The agency hired by the Government, using taxpayers’ money, specifically requested that the material should read just like legitimate news stories, rather than material supplied and funded by the Irish State.

With a few noble exceptions, the articles, accompanied by photographs of members of the ruling Fine Gael party and future general election candidates, were indistinguishable from ‘normal’ news stories in the national and regional titles.

In contrast to some national titles, and despite the clear instructions from the agency acting on behalf of the Government, my old newspaper, the Connacht Tribune, clearly labelled its two page spread about the Ireland 2040 launch as 'Advertising'.

A small number of newspapers, including the Tribune, insisted on stipulating that the articles were paid for by the Government, despite requests not to do so.

Others were quite happy to publish the supplied material as though it had been written by an in-house member of staff.

Instructions sent to a newspaper editor, as uncovered
following an investigation by The Times' Ireland edition

Christy Dignam, lead singer of rock band Aslan, expressed disgust that he had no idea he was being used for pro-Government “propaganda” when he was asked by a journalist to give a quote for one of the articles.

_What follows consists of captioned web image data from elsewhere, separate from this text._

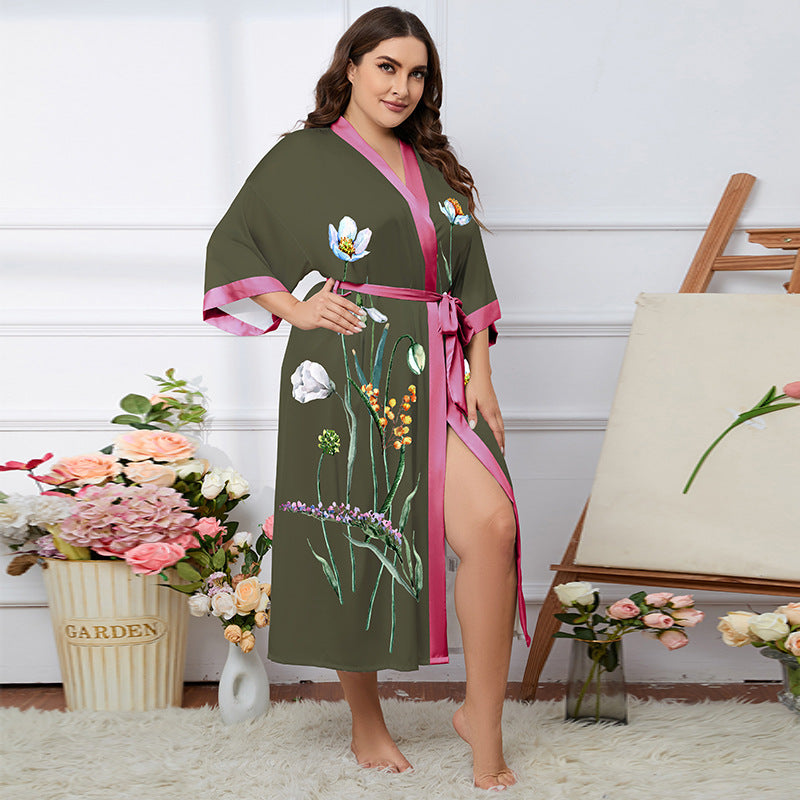 Satin Pajamas Women's Summer Light Luxury Bathrobe Homewear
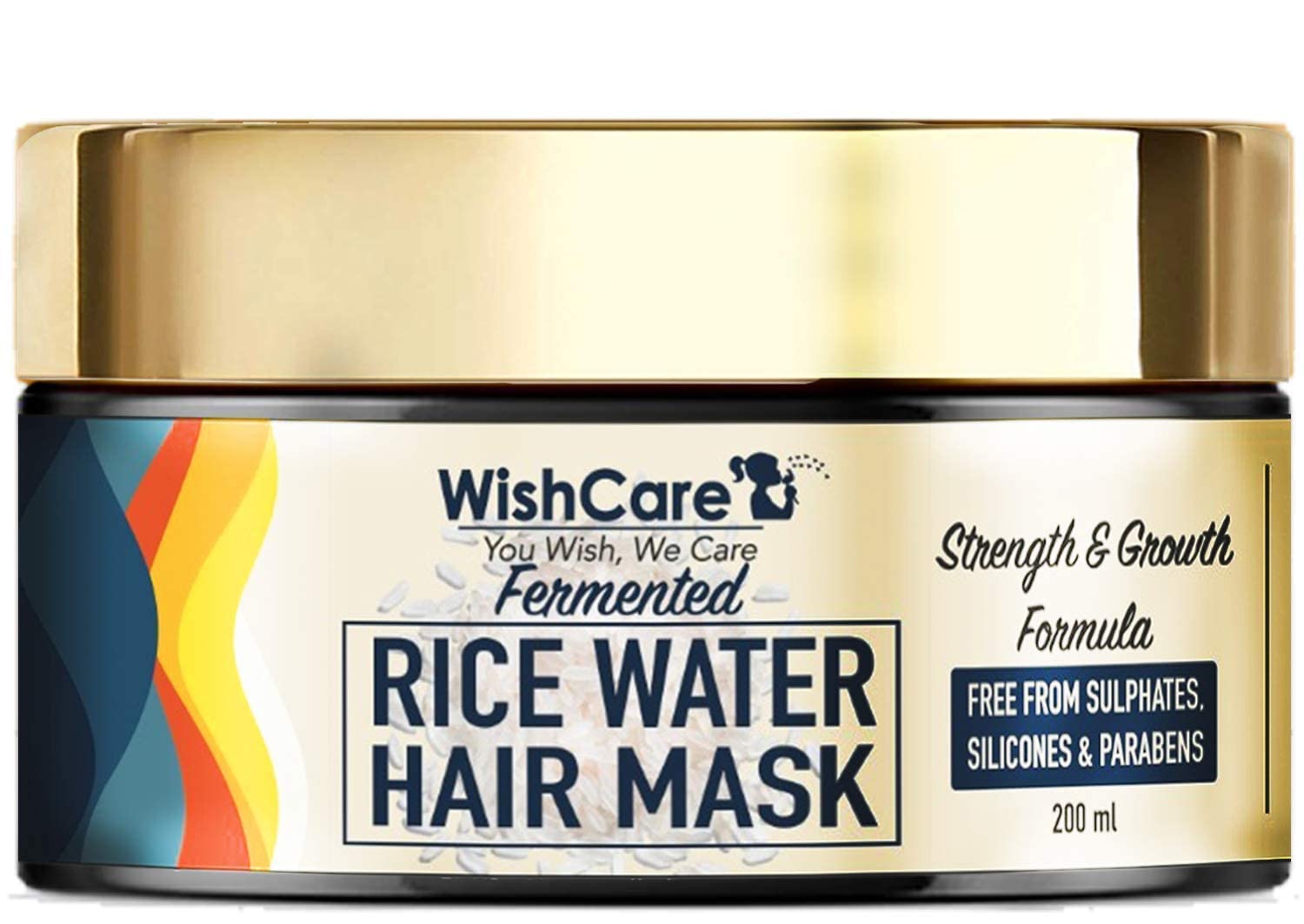 RUP WishCare Fermented Rice Water Hair Mask for Dry & Frizzy Hair - Strengthens & Promotes Hair Growth - Sulfate Free, Paraben Free & Mineral Oil Free - Suitable for All Hair Types - 200ml - Perfect for Damaged Hair Repair & Daily Nourishment at Home or Salon
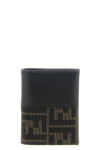 the fendi card holder in ff zucca jacquard fabric and smooth calf leather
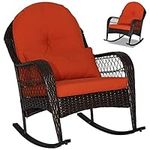 SFAREST Garden Rocking Chair, Rattan Patio Rocker Chair with Cushion and Waist Pillow, All-weather Outdoor Relaxing Rocker for Front Porch, Backyard & Poolside(Red, 99x72x90cm)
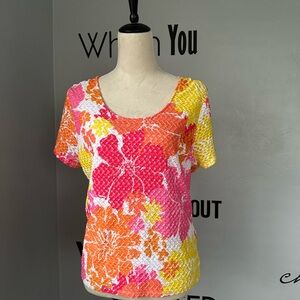 Hearts of Palm Multicolor Floral Short Sleeve Top Size PL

He said that strong criticism of the Government contained in the interview was completely left out of the resulting article. He would not have given the interview had he known.

In true Donald Trump style, Irish Taoiseach Leo Varadkar at first claimed that The Times’ reportage was inaccurate.

He had already faced huge criticism for pumping €5 million into a Strategic Communications Unit (SCU), now known by many people as the ‘Department of Spin’, which is charged with promoting the Government in as positive a light as possible.

Serious questions have been raised by the controversy

Eventually, under strong pressure and mounting criticism from opposition politicians, Varadkar ordered a general review of the SCU.

So now he has senior civil servants undertaking a review of a unit which they set up themselves under his direction.

Meanwhile, some newspaper journalists are counting the cost of a scandal which has called their impartiality into question. If they are taking ready-made "spin" from the Government in relation to one issue, what's to stop them from doing so again in the future?

Opposition politicians have claimed the Project Ireland 2040 campaign has blurred the lines between journalism and advertising, diminishing trust in the Irish media.

The controversy has erupted at a time when the Irish print media, just like their counterparts in the United States, are struggling with falling circulation and advertising figures.

In the current difficult climate, what editor can afford to say “no” to an agency acting on behalf of the Government which offers cash as well as paid-for ready-written articles?

Even if the supplied articles come with the stipulation that they cannot be described as “advertising”?

Opposition politicians have expressed outrage that public money was being used to promote the main government party and that "advertising" for the government is now being purchased under the guise of real "news" stories.

It might not quite be “alternative facts” on the scale of Kellyanne Conway attempting to cover up blatant lies about the size of the crowd at President Trump’s inauguration.

But what chance have independent newspapers of retaining the trust of loyal readers if they force them to read paid-for pro-Government articles which are disguised as legitimate news stories?

Readers need to know that the "news" they are reading is written by real, unbiased journalists, and not by a PR company acting on behalf of the Irish Government.

Journalists who are prepared to challenge those in authority, ask the tough questions, and hold them to account.

Otherwise, the toxic mistrust of mainstream media which has become such a feature of political life in the United States could take a giant foothold in Ireland.